La Bretagne figure parmi les régions les moins touchées par le virus. On y compte vingt fois moins de décès que dans le Grand-Est, fortement impacté par le malheureux épisode du rassemblement évangélique de Mulhouse qui a aussi allumé des foyers dans plusieurs régions de France.

Mais si l’on en croit l’Insee, la Bretagne est également la région française la moins affectée économiquement. La baisse de produit intérieur brut (PIB) depuis le début de la crise serait de 31 % contre 35 % environ pour le niveau national. Et on ne s’étonnera pas d’apprendre qu’une fois encore, c’est l’agroalimentaire qui a un peu servi d’amortisseur en raison de sa bonne résistance (- 5%) et de son poids dans le tissu économique régional avec ses 70.000 emplois directs, soit un tiers des postes industriels bretons.

Malgré la fermeture des cantines et des restaurants, le secteur a bien mieux tenu le choc que la plupart des autres secteurs d’activité. Et comme pour les travailleurs de l’ombre révélés par le confinement, l’agroalimentaire était en première ligne. Les grandes entreprises ont continué à travailler pour la plupart et permis de limiter les dégâts dans le Finistère (-29%), les Côtes-d’Armor et le Morbihan (-30%) alors que l’Ille-et-Vilaine enregistre une perte de 33 % de PIB en raison de l’impact de la crise sur ce que l’Insee appelle les activités administratives, scientifiques et de soutien. Elles sont plus nombreuses dans ce département, logiquement le plus pénalisé.

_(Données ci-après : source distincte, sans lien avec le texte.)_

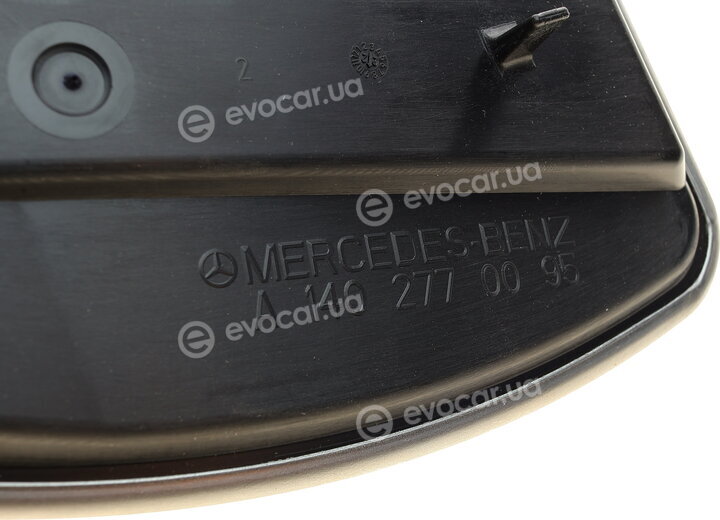 Mercedes-Benz A140 277 00 95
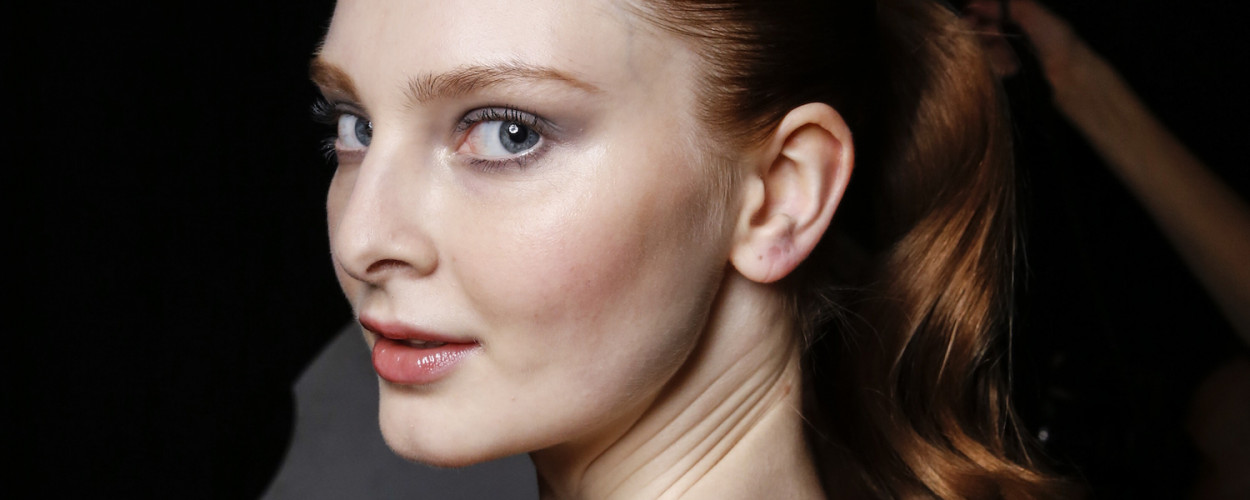 Neues vom Beauty Pro: Porentief nachgefragt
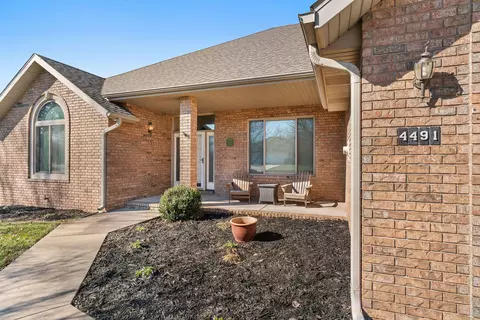 4491 S Park Ave, Springfield, MO 65810 photo 4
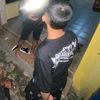 ppppppppv04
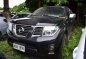 Nissan Frontier Navara Gtx 2014 for sale-3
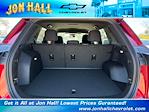 New 2026 Chevrolet Equinox LT for sale #267023 - photo 10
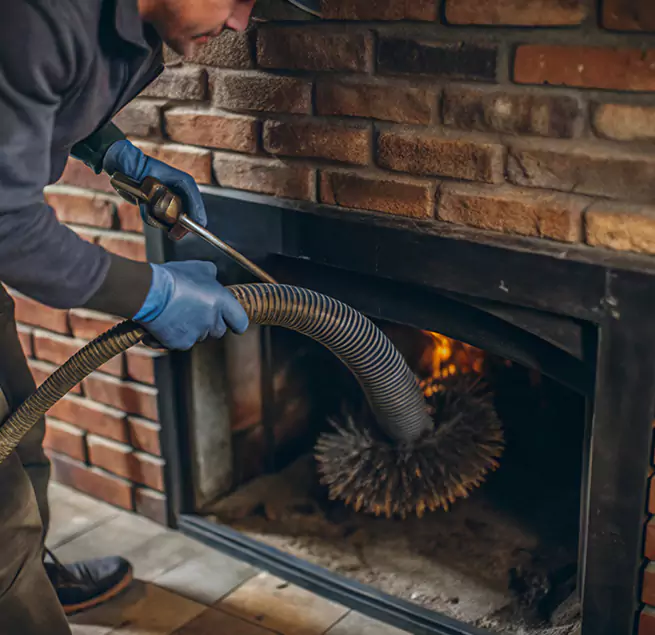 Why Homeowners & Businesses Trust Us in Westfield, NJ?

On rappellera, à ce propos, que l’agroalimentaire n’est pas pour rien dans le classement flatteur de la Bretagne qui, en fin d’année dernière, était la région française au plus faible taux de chômage avec les Pays-de-la-Loire. Mais à l’inverse, on sait aussi d’expérience que le coup de balancier peut-être brutal quand ce secteur d’activité se met à boiter bas. Gad, Tilly-Sabco, Doux… Des noms qui sonnent encore douloureusement et nous invitent à croiser les doigts pour que cette crise n’affecte pas trop l’agroalimentaire breton. Et tous les autres secteurs d’activité.